Non tanto per una improbabile correzione di rotta da parte di Strava, quanto invece per capire se e quanto la decisione possa rivelarsi saggia. Se cioè, il numero di abbonati sarà sufficiente a garantire comunque un futuro all’azienda e quindi alla fiducia degli utenti.

Si sono così formati due schieramenti. Da una parte, i più comprensivi e ottimisti, contrapposti agli arrabbiati più pessimisti. Per entrambi, con motivazioni all’apparenza valide, da affrontare meglio in separata sede.

Le ragioni di un successo

Partendo dalle ragioni per le quali la decisione di Strava è destinata ad avere successo, prima di tutto perché si tratta di un’idea al momento ancora unica.

Prima arrivata al concetto di segmento e tutto quanto vi ruota intorno, ancora oggi è l’unica app del genere in grado di prolungare il piacere di un’attività fisica anche una volta terminata.

Inoltre, Strava si può considerare una delle app più trasversali tra quelle in circolazione. Capace cioè di raccogliere dati da praticamente quasi tutti i dispositivi più usati in commercio.

Chiunque abbia già affrontato il problema di passare da un marchio a un altro, sa bene cosa significhi trovarsi con due archivi di registrazioni tra loro totalmente incompatibili.

Difficile rinunciare al vizio

L’abitudine è un altro elemento a favore di un abbonamento. Il successo è stato talmente rapido e capillare, da correre il rischio di trovarsi smarriti senza poter più analizzare da un giorno all’altro  le proprie prestazioni e confrontarle con quelle dei propri contatti.

Di fronte all’overdose quasi molesta in fatto di pubblicità di praticamente ogni altro social, la prospettiva di non doversi sorbire una quantità di contenuti sponsorizzati superiore a quelli interessanti, come è ormai sono arrivati a proporre Facebook e simili, aiuta a riscoprire il piacere quasi dimenticato di scorrere una schermata interessante dal primo all’ultimo messaggio.
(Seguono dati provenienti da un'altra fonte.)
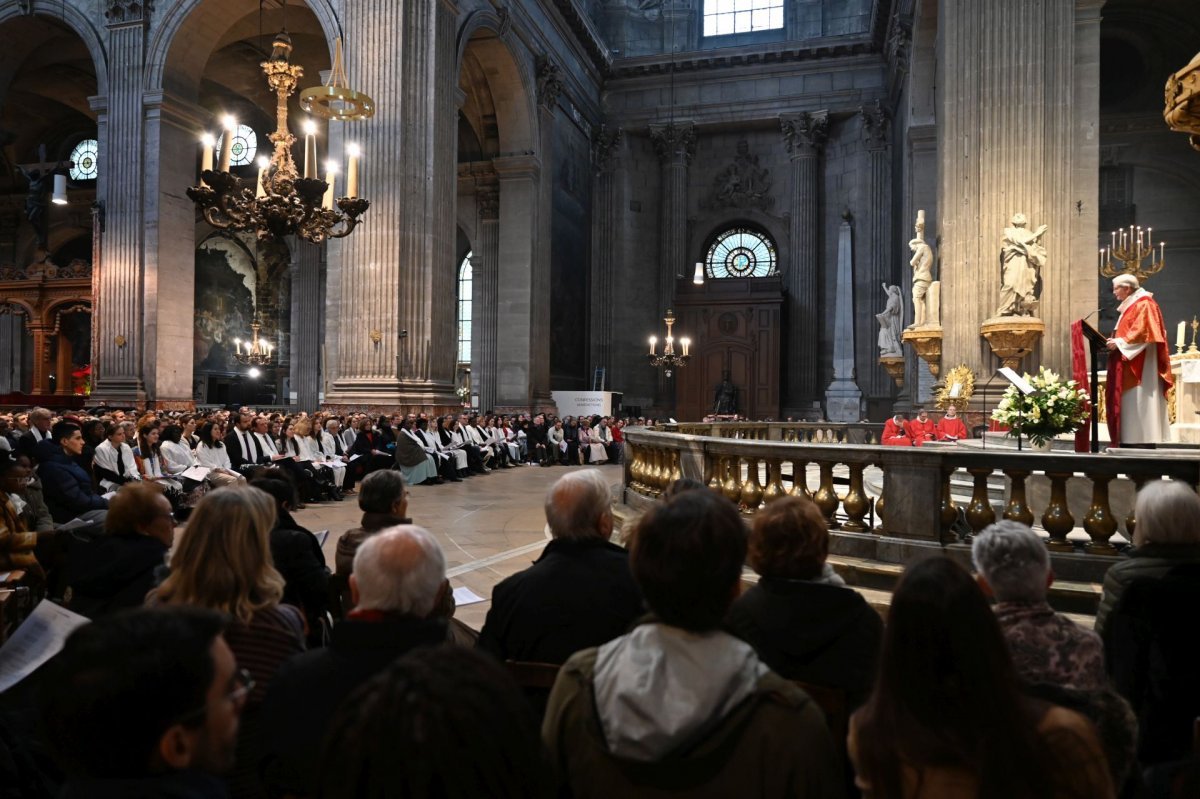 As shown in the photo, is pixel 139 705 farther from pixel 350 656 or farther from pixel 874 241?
pixel 874 241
In questi anni, Strava è sta anche capace come pochi altri di raggiungere un obiettivo tra i più ambiziosi per chi opera nel mondo social, costruire una comunità. Riuscirci significa prima di tutto una base utenti ampia e soprattutto fedele nel tempo.

Anche per questo, è stato possibile annunciare l’abbonamento senza tanti preamboli e senza adottare strategie di marketing distribuite in un più lungo periodo

La passione, leva vincente di Strava

Per la stessa ragione, al centro di tutto c’è quasi sempre una passione. Fermo restando una percentuale probabilmente considerata fisiologica di iscritti destinata a disperdersi nel tempo, l’utente regolare di Strava lo considera spesso come un complemento ideale alla bicicletta, alle scarpe da corsa, al costume da bagno o a ogni altri accessorio tecnico. Qualcosa, al quale ormai sembra quasi impossibile poter rinunciare.
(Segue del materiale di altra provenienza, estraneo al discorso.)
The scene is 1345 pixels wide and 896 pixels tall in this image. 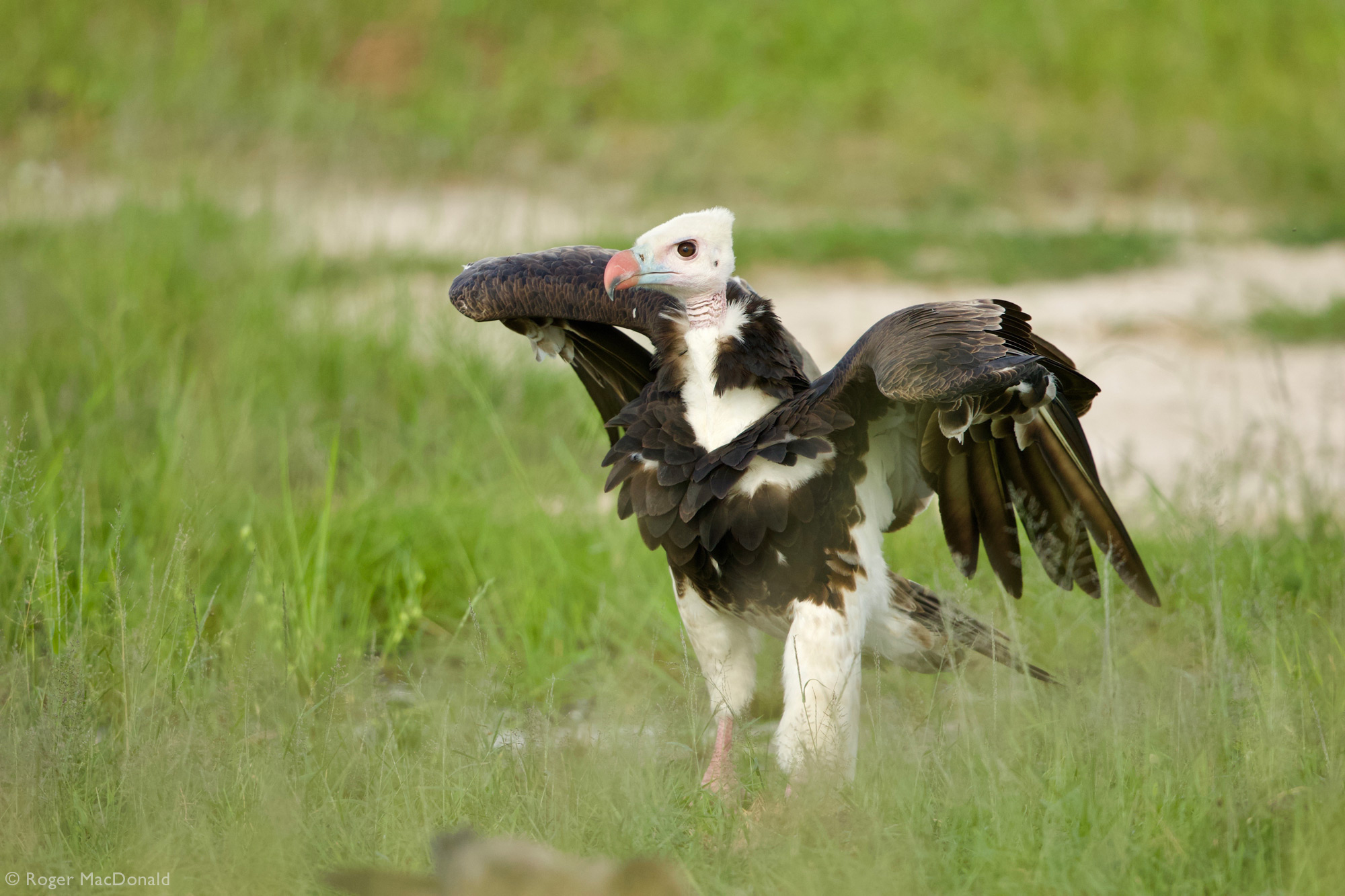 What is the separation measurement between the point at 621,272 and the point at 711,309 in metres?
0.23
Infine, il capitolo più delicato, la tariffa di 5 euro al mese per l’abbonamento. In assoluto è una cifra tutto sommato sostenibile. Soprattutto per chi è abituato a spendere anche migliaia di euro al’anno per dare libero sfogo alla propria passione sportiva.

Si potrebbe semmai discutere sull’uniformità a livello globale, con potere d’acquisto profondamente variabile tra una nazione e l’altra.

Forse, un paio di euro in meno avrebbero permesso di coprire i minori guadagni singoli allargando molto di più la platea, ma queste decisioni spettano a chi le deve prendere, e a subirne le conseguenze. Di qualsiasi natura.

A voler essere pignoli, l’occasione poteva rivelarsi utile per offrire una sorta di bouns agli iscritti e coprire la lacuna forse maggiore di Strava, importare lo storico dei dati registrati fino a prima dell’iscrizione.